• TASK STATEMENT: What are the lines, copied exactly, from the one containing "PURE Zzzs Kidz, Kids" through the final line of the material? Leave the pictures out.

• DATA SHOWN:
Start of Block
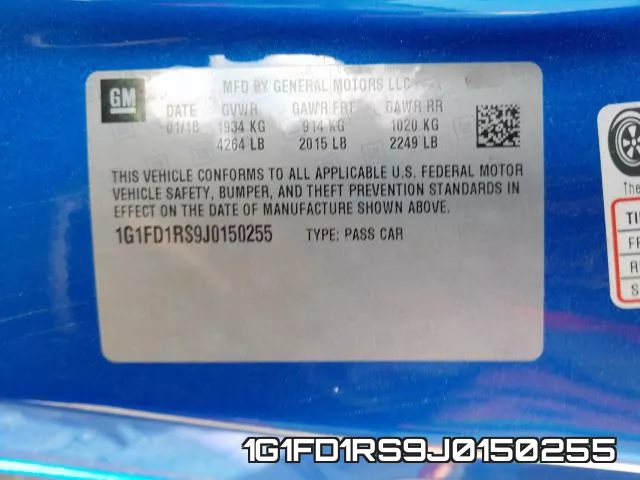 1G1FD1RS9J0150255 фото 2
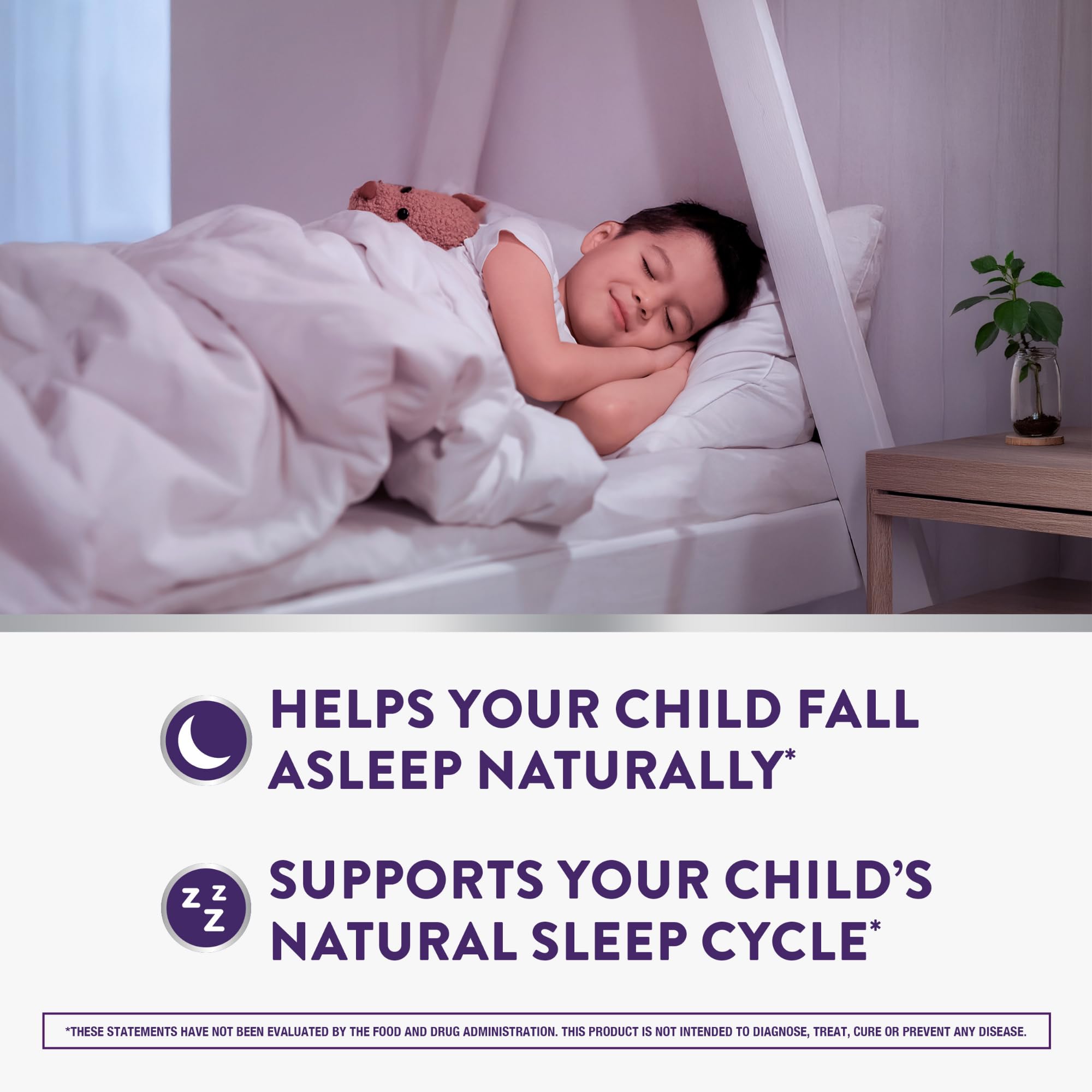 PURE Zzzs Kidz, Kids Melatonin Gummy, Sleep Aid, Low Amount of Melatonin for Kids, with Chamomile and Lavender, Melatonin 1 mg, Melatonin Gummies Kids, Berry Flavored, 72 Sleep Gummies
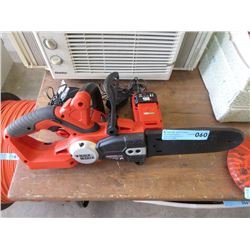 Black & Decker Cordless Electric Chain Saw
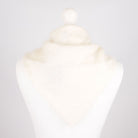 Pure Brushed Luxury Cashmere Triangle Head Scarf - WHITE - Heritage Of Scotland -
End of Block
• TASK OUTPUT:
 PURE Zzzs Kidz, Kids Melatonin Gummy, Sleep Aid, Low Amount of Melatonin for Kids, with Chamomile and Lavender, Melatonin 1 mg, Melatonin Gummies Kids, Berry Flavored, 72 Sleep Gummies
 Black & Decker Cordless Electric Chain Saw
 Pure Brushed Luxury Cashmere Triangle Head Scarf - WHITE - Heritage Of Scotland -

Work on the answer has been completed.